One of the biggest innovations that the flipped model brings, and what is often the quickest misconception that teachers use to dismiss the philosophy, is the idea that students watch content at home and practice content in class. Now most of us would look at this and say…

“Well, what if kids don’t do the homework (watch the videos?). Not only will they miss out on the content knowledge that night, lose points, and come to class unprepared, but now I have to spend class time… THE VERY TIME I DEEMED SACRED ENOUGH TO DO THIS MODEL… to teach the concept anyway to them anyway.”

These same teachers will use this, and this alone, to close the book on Flipped learning and go about their time none the wiser, and would they be wrong? It depends on the philosophy you as an educator believe for your classroom. I know that in my class last year of 125 students, I had few, but 2-4 assignments that 30 students did not hand in. That is a staggering amount to me!!! Now flip that to be 30 students that missed class content! That’s 30 kids that need taught the content before they can dig into the class work. Lots of time lost and lots of personal disappointment. I have not heard many blogs talk to much into the implications of that to the flipped model.

What this revelation has also brought to my attention is the following questions.

  • What value do I currently place on homework?
  • What am I doing in response to this lack of responsibility to get work done?
  • How do I change my class to hold students accountable for this homework.

Take these questions into the flipped model and, at least for me, It really opened my eyes as to what I deemed important. The problem is how to get the kids to take the responsibility to learning. Is it enough for students know that this is their content they will need for the class? What is the panacea to student responsibility in this regard?

Some simple thoughts in the beginning that I believe would make homework, and in that respect (your direct instruction content) more meaningful at home. THese are pretty simple in mind and make sense in August, but can be more difficult to implement when you are in the trenches with the kids in October. Try to make a habit of these early on so that they become routines down the road.

  1. Create and follow Procedure- Simple thoughts bring back dividends of time later- Give the students practice on what you expect for homework and give them time to do it in class. Students that get time in class to see the material are more likely to make the connection back home after a long day of class… especially if they have you second period and just got back from Soccer Practice.
  2. Make it Meaningful- Set the precedent that all work in class is meaningful… and make it so. Make homework meaningful and contextual to student interest if possible.
  3. Hold them Accountable- Hold students accountable the first day forward. Set up procedures for forgetting homework. I have read of teachers assigning pink slips. Others make a mark on a copy that reminds the teacher later that its late.
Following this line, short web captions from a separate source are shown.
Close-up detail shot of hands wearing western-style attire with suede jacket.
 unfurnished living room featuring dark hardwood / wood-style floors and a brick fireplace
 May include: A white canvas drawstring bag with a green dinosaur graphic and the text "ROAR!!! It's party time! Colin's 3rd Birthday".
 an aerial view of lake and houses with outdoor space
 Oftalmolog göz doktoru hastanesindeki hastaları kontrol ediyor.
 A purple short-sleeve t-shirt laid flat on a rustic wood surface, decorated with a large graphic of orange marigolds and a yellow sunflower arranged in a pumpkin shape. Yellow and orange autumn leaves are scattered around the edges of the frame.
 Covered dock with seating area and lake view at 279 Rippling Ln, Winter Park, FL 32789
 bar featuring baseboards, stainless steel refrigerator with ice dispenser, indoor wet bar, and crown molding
Then this information is brought up in conferences or through a call home. When students know you mean business and the parents know what is going on in school, usually the students step up. If something doesn’t work, find out what does.
  4. Reward Your Everyday Heroes- You know, the kid that you look at and say to yourself with a sigh, “Oh if every student was as responsible as you…” Also the kids in your class, that on the majority, are giving their best effort. Reward those students that come in day in and day out and get it done. Sometimes this can be as small as recognition by you that they are doing an awesome job! Other times it may mean a public display depending on the type of class. And others may need a note from the teacher complimenting their efforts in class.

Bringing this back to the flipped model– Your content is very important for you to teach, whether it is in your classroom, or at home. If students are avoiding the videos, it can be many factors. The best way to find out and deal with it is to ask them. There may be some factors (internet, home issues, etc…) that they are dealing with that you may be able to handle through changing the way content is delivered. Additionally, if students are avoiding work, hold them accountable right then and there.Keep record for conferences and for your own protection when parents call on grades. After 2-3 missed assignments, communicate with parents to see what issues are going on at home and how you can work together to help the student succeed. There there are ways to push kids to doing the videos for you, most of the attitude on “homework” through the year starts with you.

Being a first time flipper, I am looking at this from the outside in. Any veterans of the model that can add suggestions and critiques to my approach are greatly appreciated.